*** Records shown ***
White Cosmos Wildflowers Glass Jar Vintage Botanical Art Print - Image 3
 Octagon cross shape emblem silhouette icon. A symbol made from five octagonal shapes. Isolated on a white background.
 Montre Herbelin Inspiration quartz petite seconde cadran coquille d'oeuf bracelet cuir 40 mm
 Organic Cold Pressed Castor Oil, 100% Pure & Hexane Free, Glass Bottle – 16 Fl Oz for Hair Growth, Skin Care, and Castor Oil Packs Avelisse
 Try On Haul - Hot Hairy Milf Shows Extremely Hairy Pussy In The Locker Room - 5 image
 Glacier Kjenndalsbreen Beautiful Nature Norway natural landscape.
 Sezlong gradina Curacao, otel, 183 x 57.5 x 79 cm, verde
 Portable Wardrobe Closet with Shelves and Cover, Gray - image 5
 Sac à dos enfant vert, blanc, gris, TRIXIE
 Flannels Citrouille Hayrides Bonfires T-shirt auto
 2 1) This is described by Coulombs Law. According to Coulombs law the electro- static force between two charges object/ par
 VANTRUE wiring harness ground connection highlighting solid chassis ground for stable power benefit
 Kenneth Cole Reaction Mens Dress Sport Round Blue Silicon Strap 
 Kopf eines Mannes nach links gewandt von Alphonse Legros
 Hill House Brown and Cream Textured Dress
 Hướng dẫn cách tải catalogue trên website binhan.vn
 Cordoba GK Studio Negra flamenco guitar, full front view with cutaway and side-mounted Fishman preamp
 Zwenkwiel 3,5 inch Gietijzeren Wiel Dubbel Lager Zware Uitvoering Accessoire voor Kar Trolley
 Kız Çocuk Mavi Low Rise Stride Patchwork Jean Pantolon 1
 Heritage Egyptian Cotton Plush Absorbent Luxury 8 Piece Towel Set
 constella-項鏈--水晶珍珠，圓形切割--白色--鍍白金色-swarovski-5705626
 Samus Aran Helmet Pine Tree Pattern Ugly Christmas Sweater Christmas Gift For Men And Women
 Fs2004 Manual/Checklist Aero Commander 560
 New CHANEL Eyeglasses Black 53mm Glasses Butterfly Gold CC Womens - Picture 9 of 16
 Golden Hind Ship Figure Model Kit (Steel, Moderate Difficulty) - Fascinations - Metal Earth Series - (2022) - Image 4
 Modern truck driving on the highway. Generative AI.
*** End of Records shown ***
Aim of the task:
An exact copy of all the records is what is needed here.

Exercise result:
White Cosmos Wildflowers Glass Jar Vintage Botanical Art Print - Image 3
 Octagon cross shape emblem silhouette icon. A symbol made from five octagonal shapes. Isolated on a white background.
 Montre Herbelin Inspiration quartz petite seconde cadran coquille d'oeuf bracelet cuir 40 mm
 Organic Cold Pressed Castor Oil, 100% Pure & Hexane Free, Glass Bottle – 16 Fl Oz for Hair Growth, Skin Care, and Castor Oil Packs Avelisse
 Try On Haul - Hot Hairy Milf Shows Extremely Hairy Pussy In The Locker Room - 5 image
 Glacier Kjenndalsbreen Beautiful Nature Norway natural landscape.
 Sezlong gradina Curacao, otel, 183 x 57.5 x 79 cm, verde
 Portable Wardrobe Closet with Shelves and Cover, Gray - image 5
 Sac à dos enfant vert, blanc, gris, TRIXIE
 Flannels Citrouille Hayrides Bonfires T-shirt auto
 2 1) This is described by Coulombs Law. According to Coulombs law the electro- static force between two charges object/ par
 VANTRUE wiring harness ground connection highlighting solid chassis ground for stable power benefit
 Kenneth Cole Reaction Mens Dress Sport Round Blue Silicon Strap 
 Kopf eines Mannes nach links gewandt von Alphonse Legros
 Hill House Brown and Cream Textured Dress
 Hướng dẫn cách tải catalogue trên website binhan.vn
 Cordoba GK Studio Negra flamenco guitar, full front view with cutaway and side-mounted Fishman preamp
 Zwenkwiel 3,5 inch Gietijzeren Wiel Dubbel Lager Zware Uitvoering Accessoire voor Kar Trolley
 Kız Çocuk Mavi Low Rise Stride Patchwork Jean Pantolon 1
 Heritage Egyptian Cotton Plush Absorbent Luxury 8 Piece Towel Set
 constella-項鏈--水晶珍珠，圓形切割--白色--鍍白金色-swarovski-5705626
 Samus Aran Helmet Pine Tree Pattern Ugly Christmas Sweater Christmas Gift For Men And Women
 Fs2004 Manual/Checklist Aero Commander 560
 New CHANEL Eyeglasses Black 53mm Glasses Butterfly Gold CC Womens - Picture 9 of 16
 Golden Hind Ship Figure Model Kit (Steel, Moderate Difficulty) - Fascinations - Metal Earth Series - (2022) - Image 4
 Modern truck driving on the highway. Generative AI.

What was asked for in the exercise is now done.